La última vez que los seis hijos de la duquesa —Carlos, Alfonso, Jacobo, Fernando, Cayetano y Eugenia— se sentaron juntos a la mesa fue hace más de diez años, en el Palacio de Liria, en Madrid. En aquella ocasión, su madre logró lo que parecía imposible: reunirlos a todos y celebrar una gran fiesta familiar. Ese encuentro se convirtió en símbolo de unidad. Sin embargo, tras su muerte, los lazos familiares comenzaron a resquebrajarse. Cayetano Martínez de Irujo lleva ocho años sin asistir a la cena de Navidad, y hay motivos de peso para ello.
La discordia comenzó cuando Carlos, tras heredar el título de duque, modificó la lista de invitados e incluyó de ella a Genoveva Casanova, la exesposa de Cayetano, que seguía siendo parte de la familia incluso después del divorcio. En respuesta, Cayetano se solidarizó y se negó a asistir a la celebración sin la madre de sus hijos. Desde entonces, su lugar en la mesa de Nochebuena ha permanecido vacío.
Parece que, por fin, las cosas empiezan a cambiar. Este año, la invitación no solo ha sido extendida a Cayetano, sino también a su actual pareja, Bárbara Mirjan, así como a sus hijos Luis y Amina. No se espera el regreso de Genoveva Casanova, ya que ella ha comenzado una nueva vida entre México y Estados Unidos. Este acercamiento no ha sido una sorpresa total. Vino precedido de gestos significativos: el reciente y cálido abrazo entre los hermanos en una boda en Sevilla, que puso fin a las disputas públicas, y el encuentro veraniego de Cayetano con su hermana Eugenia en Sotogrande, donde, sonriendo, enterraron viejas rencillas.
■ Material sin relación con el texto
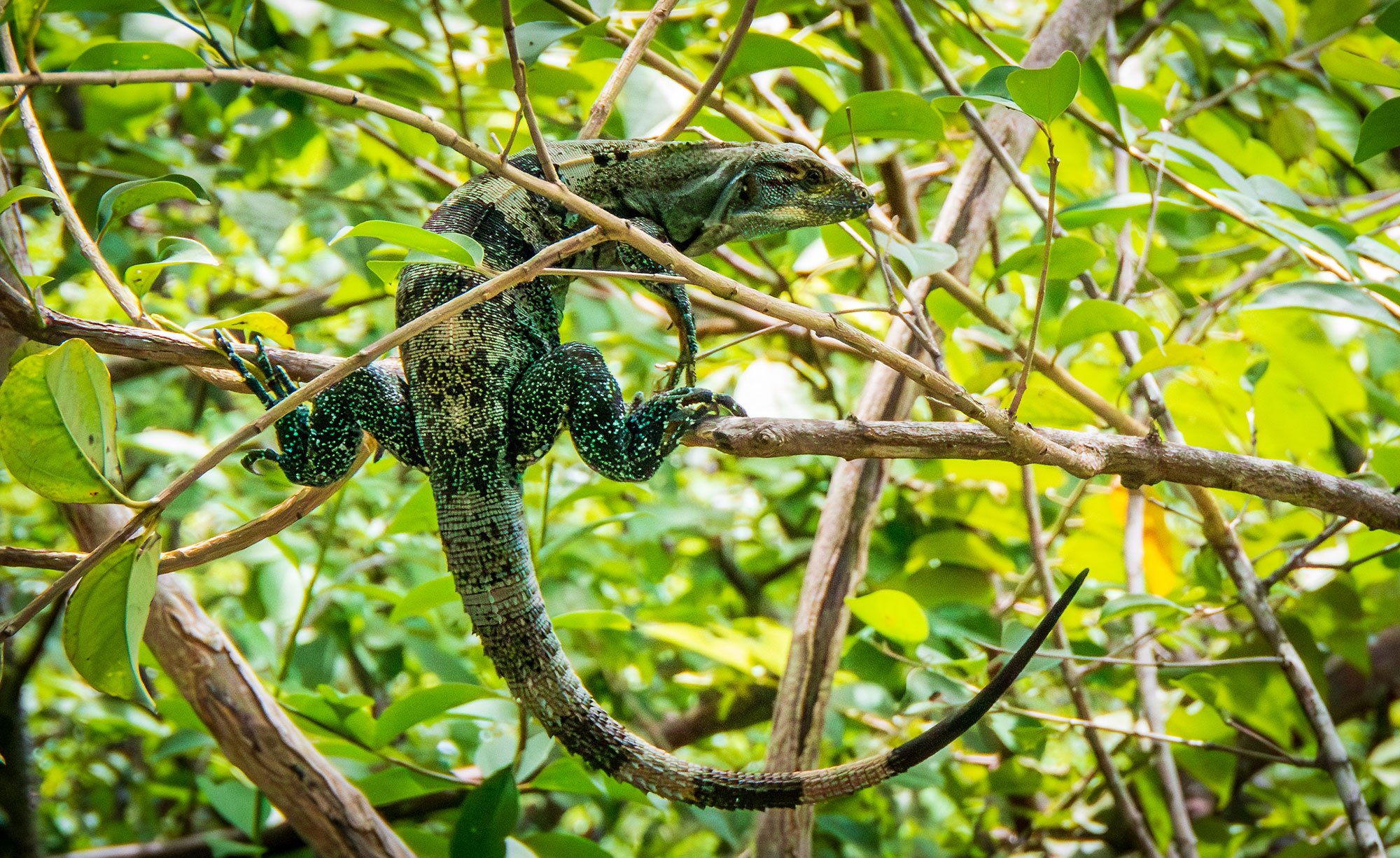 Green Iguana, Costa Rica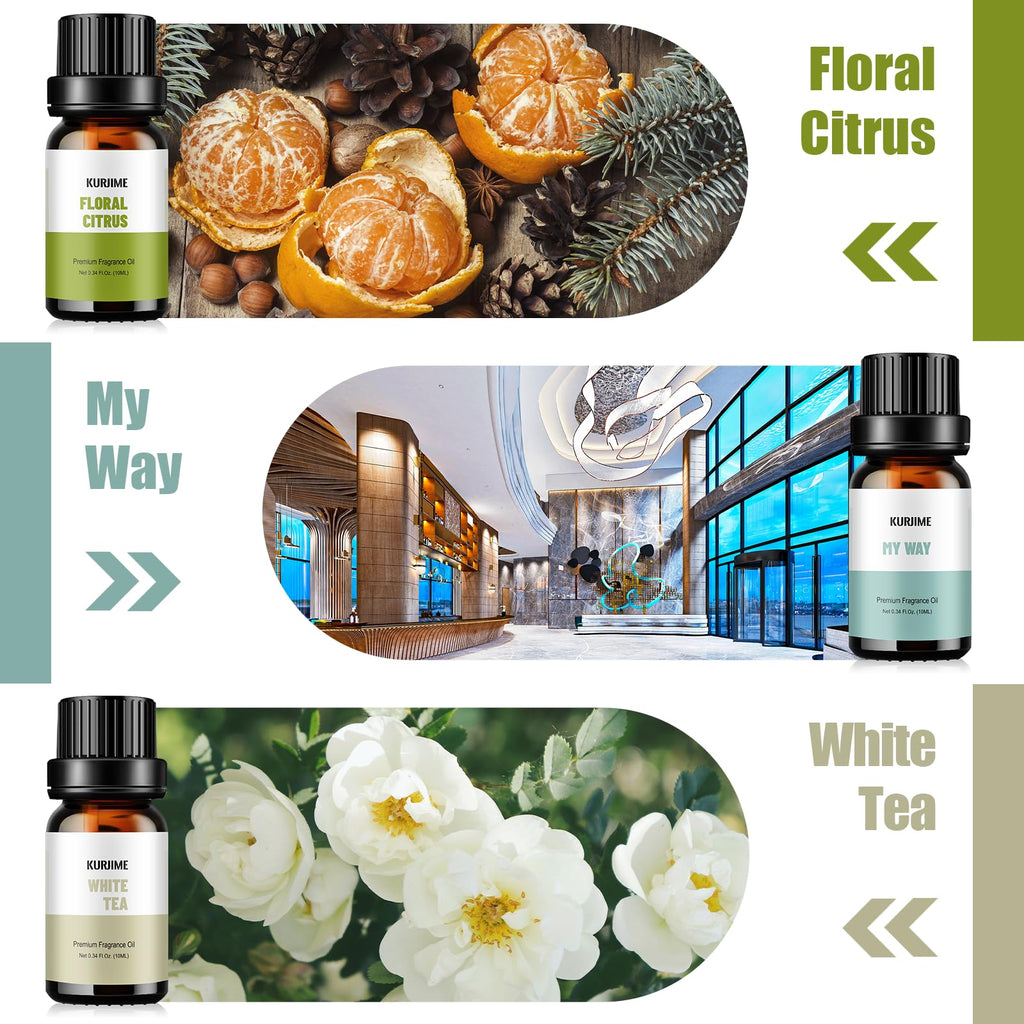 Fragrance Oils Hotel Collection Diffuser Oil Set – Luxury Night, Jasmine & Mint, Lemon & Thyme, White Tea, Floral Citrus, My Way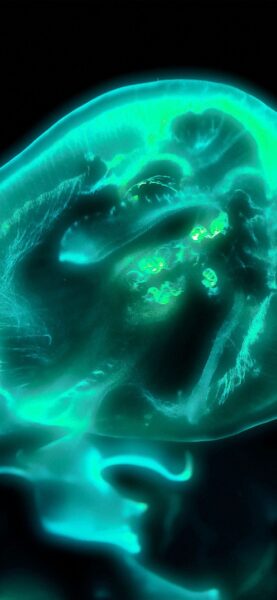 Hình nền iPhone SE xanh lá lạ mắt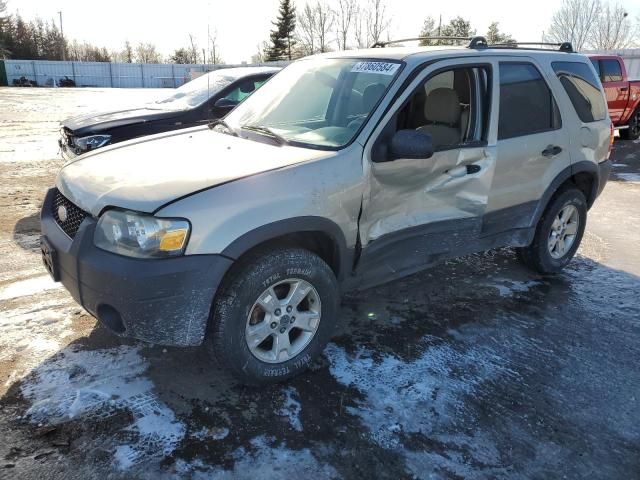 2005 Ford Escape XLT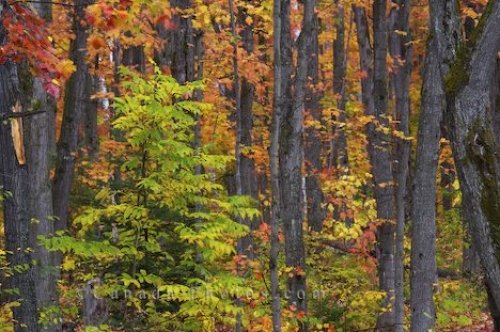 Photo: Autumn Trees Rock Lake Ontario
Si Cayetano acepta la invitación, le espera una velada impregnada de tradiciones instauradas por su madre. En Nochebuena, el salón principal del Palacio de Liria se engalana con platos selectos: crema de mariscos, blinis con caviar, pavo y, de postre, pudding inglés. Tras la cena, la familia suele acudir a la misa de medianoche en la capilla del palacio. Aquí es tradición abrir los regalos el 24 de diciembre, ya que era el único día en que todos los hijos de la duquesa estaban asegurados. Al día siguiente, en Navidad, la familia solía almorzar en uno de sus restaurantes favoritos, ya que el servicio tenía libre. Ahora, toda España espera expectante: ¿tendrá lugar, por fin, este esperado reencuentro en el histórico palacio?